Confieso a los amables lectores que cada vez me resulta más difícil traducir el empalagoso idioma gubernamental. A cambio de ello, las intenciones no pueden ocultarse. Reparé en ello luego de doce días de distancia de la caída del avión en el que viajaban Juan Camilo Mouriño y José Luis Santiago Vasconcelos, amén de otros funcionarios y la tripulación, y que empeñosamente los voceros de la oficialidad, y hasta los opinantes gratuitos ligados al establishment, consideran un accidente aun cuando no encontraran explicaciones convincentes para certificarlo. Dijeron que quizá once meses después sabríamos algo. Lamentablemente, la amnesia colectiva consumió el interés por el suceso. Como siempre.

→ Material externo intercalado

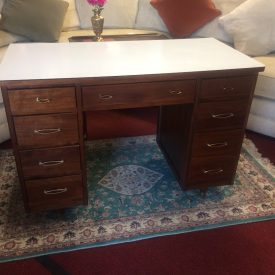 Vintage Mid Century Desk with Formica Top, Vintage Desk, School Desk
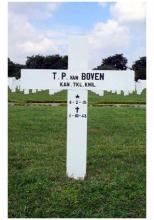 Kruis van T. van Boven (bron: G. van Zundert)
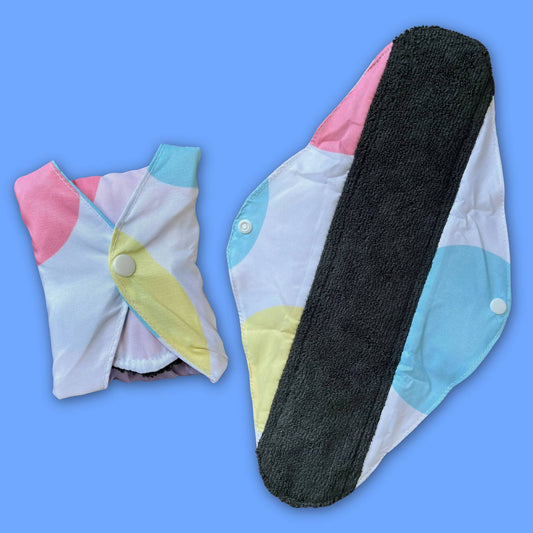 Toalla Higiénica Nocturna de Tela Reutilizable Ecológica Ecosapiens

Este columnista ya ha pasado por ello. En febrero de 1986 escribí que temía más al silencio de mis colegas y al consiguiente vacío en los medios informativos que a cualquiera otra reacción por parte de quienes ejercían entonces el gobierno. Lo expresé, obviamente dolido, al percibir que casi me había quedado solo en mi insistencia por descorrer los “puntos oscuros” sobre el supuesto “accidente”, todo un montaje siniestro, en el que perdió la vida Carlos Loret de Mola Mediz precisamente cuando, con su prestigio político como único escudo, intentaba convencer a algunos personajes claves sobre el imperativo de solicitar al entonces presidente, Miguel de la Madrid, su dimisión, más bien su “licencia por causas graves” de acuerdo a como señala la Carta Magna. Poco después mi voz fue la única que siguió escuchándose. Hasta ahora, veintidós años después.

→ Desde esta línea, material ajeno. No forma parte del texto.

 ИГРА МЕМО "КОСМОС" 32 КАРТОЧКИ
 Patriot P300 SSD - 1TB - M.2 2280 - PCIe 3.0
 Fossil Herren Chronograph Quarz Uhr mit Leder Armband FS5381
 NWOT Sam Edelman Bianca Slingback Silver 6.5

Los eruditos afirman que averiguar los crímenes desde el poder lleva mucho tiempo. Fíjense: Kennedy fue asesinado en noviembre de 1963, treinta años después, en 1993, una célebre película, “JFK”, dirigida por Oliver Stone espléndidamente, exaltó la cruzada del fiscal Jim Garrison, de Nueva Orleáns, con tremendas, determinantes conclusiones que tres lustros más adelante desde entonces y cuarenta y cinco años después del magnicidio no han sido siquiera tomadas en cuenta. Y son tan serias y contundentes que ni siquiera dan lugar a réplica: fueron siete los disparos, desde distintos ángulos, y no tres provenientes del mismo sitio como se asentó en los informes oficiales para descartar, burdamente, la teoría de una conjura.

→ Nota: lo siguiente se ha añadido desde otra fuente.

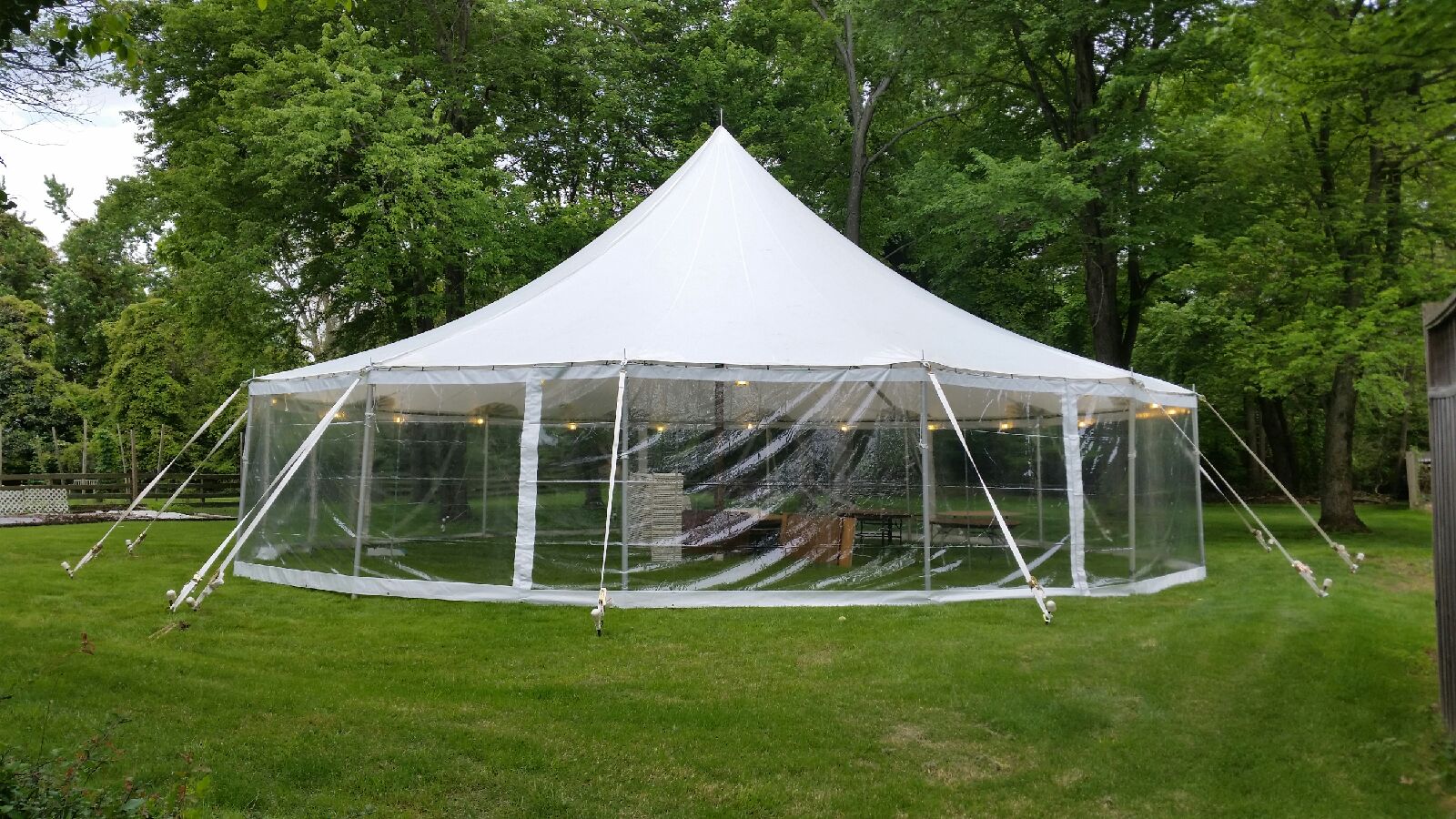 44’x43′ Sailcloth Tent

¿Y qué decir del asesinato de Luis Donaldo Colosio? En 2002, en Mexicali, a donde acudí a dialogar con un nutrido grupo de empresarios, se me acercó uno de los cuñados del candidato sacrificado para decirme:
--“Sólo he venido a verle para decirle que la familia estima mucho que usted no haya cerrado el expediente y siga manteniendo la firmeza de sus acusaciones.”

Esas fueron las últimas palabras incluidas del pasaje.